Le SXO devrait donner lieu à des résultats mesurables en web analytics. Certes, comme n’importe quelle action digitale bien menée et planifiée, il faut le dire. On fait ici un étalage de métriques qui peuvent hélas tout et rien vouloir dire – je recherche encore la signification de clics longs et de clics courts d’ailleurs. Dans le cas d’un blog par exemple, on devrait avoir logiquement des mesures désastreuses en termes de taux de rebond, de visites sur une deuxième page du site, voire même en « pogo-sticking », car l’utilisateur passe son temps à faire des allers/retours en phase de recherche informationnelle. Cette fameuse mesure du « pogo-sticking », qui revient assez souvent dans les articles consacrés au SXO, est malheureusement un mythe au même titre que la licorne : John Mueller l’a démenti en juillet 2018, de même que Vincent Courson en mars 2019.

Addentum août 2020 : Bon, il semblerait qu’on ait un autre son de cloche sur ce point, puisque les documents révélés au cours de l’audition de Google devant le Congrès indiquent que le moteur utilise des « signaux » utilisateurs, notamment des clics. Dans quelle mesure ? On en sait rien. Les documents datent d’il y a une dizaine d’années, ça vaut donc ce que ça vaut.

Continuons notre petite visite de l’arsenal SXO :

« Pour réaliser une stratégie efficace, vous allez devoir maitriser le SXO. En effet, en comprenant les besoins et les attentes des utilisateurs, vous pourrez orienter au mieux votre stratégie. » – guersanguillaume.com

Oui, cela s’appelle du marketing, qui commence en effet par une juste compréhension de ses consommateurs et de leurs besoins avant de leur jeter des paillettes dans les yeux. Heureusement que personne n’a attendu le SXO pour s’y mettre.

Parviendra-t-on à trouver une technique révolutionnaire inventée par le SXO ? Nous commençons à désespérer.

« Le SXO présente donc l’intérêt de prendre en compte l’expérience de l’utilisateur dès sa requête sur un moteur de recherche.

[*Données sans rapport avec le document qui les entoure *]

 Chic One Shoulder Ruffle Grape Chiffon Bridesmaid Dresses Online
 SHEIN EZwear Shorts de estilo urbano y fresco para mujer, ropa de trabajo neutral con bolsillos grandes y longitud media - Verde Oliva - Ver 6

L’orienter vers le site dans lequel il aura le plus de chance de trouver son bonheur par rapport à sa recherche est déjà une façon d’améliorer son expérience utilisateur et donc de le guider plus facilement vers la conversion. » – Facemweb

Cette assertion pose de nombreuses interrogations, à commencer par la première d’entre elles : comment peut-on soigner l’expérience d’un utilisateur sur un moteur de recherche appartenant à une société privée ? La réponse coule de source : c’est impossible. À moins d’avoir ses entrées chez Google et de manipuler les résultats de recherche qui sont affichés à l’écran, il n’est pas possible d’obtenir la maîtrise de l’écosystème dans lequel baigne un internaute lambda sur Google. Ce prétendu bienfait du SXO est donc au mieux hypocrite, au pire malhonnête : personne n’est capable de le réaliser. Quant au fait d’orienter correctement l’utilisateur, cela ne fonctionne que si l’on dispose de plusieurs sites dans les résultats de recherche dans une stratégie de domination des SERP, autrement quoi l’on se heurte fatalement à des concurrents. Qui, dans ce cas, est capable de dire si tel clic sur tel résultat est juste ? Abandonnons-là toute histoire de morale, qui est, selon certains, un problème d’esclave.

Repartons à l’assaut et tentons de trouver, une énième fois, ce qui rend si différent le SXO :

« Plus globalement, le SXO va chercher à davantage faire passer l’internaute à l’action (envoi de formulaire, achat, téléchargement…), au delà de l’objectif de positionnement sur les moteurs vue par l’approche SEO. » – Bolero

Cela tombe bien, ça n’a jamais été l’objectif du SEO. Mais de l’UX Design, là, oui : chercher à faire convertir l’utilisateur, c’est l’un de ses critères à cocher dans son cahier des charges. Toutefois, comme nous pouvons le constater, pas besoin d’attendre le SXO pour ce faire, l’UX s’en chargeait très bien tout seul.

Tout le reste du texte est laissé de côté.